What does it take to master a skill? Think of a violinist, or a champion tennis player or a painter. Think of an artist, or a nurse, or a teacher. An individual may exhibit talent but mastery requires several other elements.
Practice: There are no shortcuts. Any skill must be practiced to gain proficiency and, ultimately, to maintain it. Athletes train. Writers write. Musicians and doctors practice.Technique: While there may be more than one way to skin a cat, there are usually best practices in acquiring a skill. The advantage of good technique is that improvement is continually possible. Amateurs often gain a certain amount of proficiency for playing a game like golf or tennis, enough to enjoy it and to be competitive at a certain level. But they plateau out. Professionalism is possible only for those with excellent technique.
There are character traits that are also part of the mix.
Discipline: This means that feelings don't count. You adhere to a schedule regardless of how you feel. You show up, period.Diligence: You pay attention to best practices and don't cut corners.Patience: It takes time.Tolerance for failure: People who cannot tolerate failure in themselves never achieve much.
In the history of the human race, hard-won skills appear and disappear. Most ancient Greeks knew the configurations of the night sky. Not only was it important for navigation but it was the inspiration for the myths and fables of the culture. When this country was first settled, most educated men knew how to survey and measure land. Now only civil engineers practice that lost art. In today's society one doesn't have to know how to iron shirts, create meals from raw foods, stoke fires or split logs to keep warm. Modern life is creating a society of hot-house plants. In the interest of comfort, convenience and beauty, we are losing our ability to survive in the wild.
Image via Wikipedia
And the pace at which once-considered-essential skills are becoming obsolete is accelerating. Not so long ago, when I went to the green grocer in my NYC neighborhood, the clerk wrote the price of each item in a long column on a brown paper bag and did the addition at breathtaking speed as ran his pencil down the column.

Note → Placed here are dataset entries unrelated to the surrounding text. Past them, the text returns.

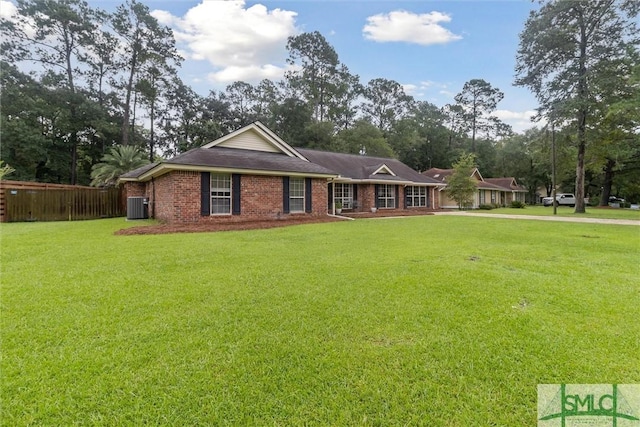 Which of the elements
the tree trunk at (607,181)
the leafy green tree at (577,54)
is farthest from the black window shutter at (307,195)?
the tree trunk at (607,181)

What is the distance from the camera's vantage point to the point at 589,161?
1008 inches

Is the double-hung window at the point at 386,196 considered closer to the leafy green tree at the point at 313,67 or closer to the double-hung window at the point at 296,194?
the double-hung window at the point at 296,194

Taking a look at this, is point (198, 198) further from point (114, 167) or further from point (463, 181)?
point (463, 181)

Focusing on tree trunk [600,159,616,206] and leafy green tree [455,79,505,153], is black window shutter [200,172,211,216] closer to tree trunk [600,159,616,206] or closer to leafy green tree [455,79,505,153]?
tree trunk [600,159,616,206]

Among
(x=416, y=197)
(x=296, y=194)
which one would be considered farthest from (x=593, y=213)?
(x=296, y=194)

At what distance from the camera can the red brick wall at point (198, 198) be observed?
1259 centimetres

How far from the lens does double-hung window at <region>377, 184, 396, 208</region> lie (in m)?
22.8

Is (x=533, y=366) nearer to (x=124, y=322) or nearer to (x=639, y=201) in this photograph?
(x=124, y=322)

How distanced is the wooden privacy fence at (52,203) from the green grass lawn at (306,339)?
488 inches

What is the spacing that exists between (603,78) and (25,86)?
43.9 meters

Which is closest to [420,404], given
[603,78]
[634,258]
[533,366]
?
[533,366]

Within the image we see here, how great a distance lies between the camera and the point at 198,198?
12938mm

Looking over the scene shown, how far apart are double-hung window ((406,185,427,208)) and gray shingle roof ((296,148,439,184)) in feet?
2.46

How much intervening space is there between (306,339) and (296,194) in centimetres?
1306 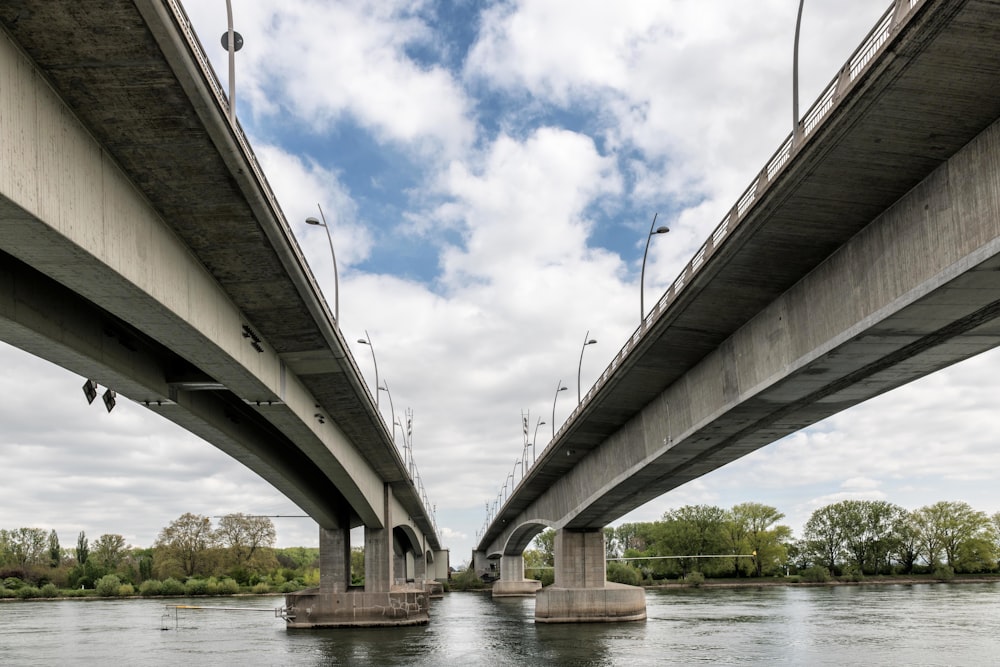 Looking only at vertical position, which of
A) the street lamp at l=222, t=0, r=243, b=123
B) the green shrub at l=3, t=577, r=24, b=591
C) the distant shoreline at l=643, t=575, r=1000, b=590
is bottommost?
the distant shoreline at l=643, t=575, r=1000, b=590

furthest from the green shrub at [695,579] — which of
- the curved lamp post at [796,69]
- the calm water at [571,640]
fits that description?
the curved lamp post at [796,69]

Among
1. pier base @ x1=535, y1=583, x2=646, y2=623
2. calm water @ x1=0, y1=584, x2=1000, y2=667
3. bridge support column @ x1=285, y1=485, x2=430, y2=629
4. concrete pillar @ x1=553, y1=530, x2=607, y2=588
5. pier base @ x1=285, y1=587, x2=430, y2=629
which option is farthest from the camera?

Today, many checkout cashiers become confused and panicked if you hand them extra money so that your change is a convenient round amount. Cursive handwriting is no longer taught in many schools. And texting seems to be replacing some other kinds of social interactions, although I'm not sure which ones.
At the risk of appearing to be the stereotypic old fogy who's wondering "What is this world coming to?" I have some questions about the valuable new essential skills (computer literacy, for example) that may be replacing more traditional ones. I just don't want to throw out the baby with the bathwater. So here are some questions for you to ponder:
-- Nerds and geeks are typically thought of as people who are so into their own thing (like math or science) that they never develop adequate social skills to enjoy the company of others. Will computer games lead to an increase in the geek/nerd population?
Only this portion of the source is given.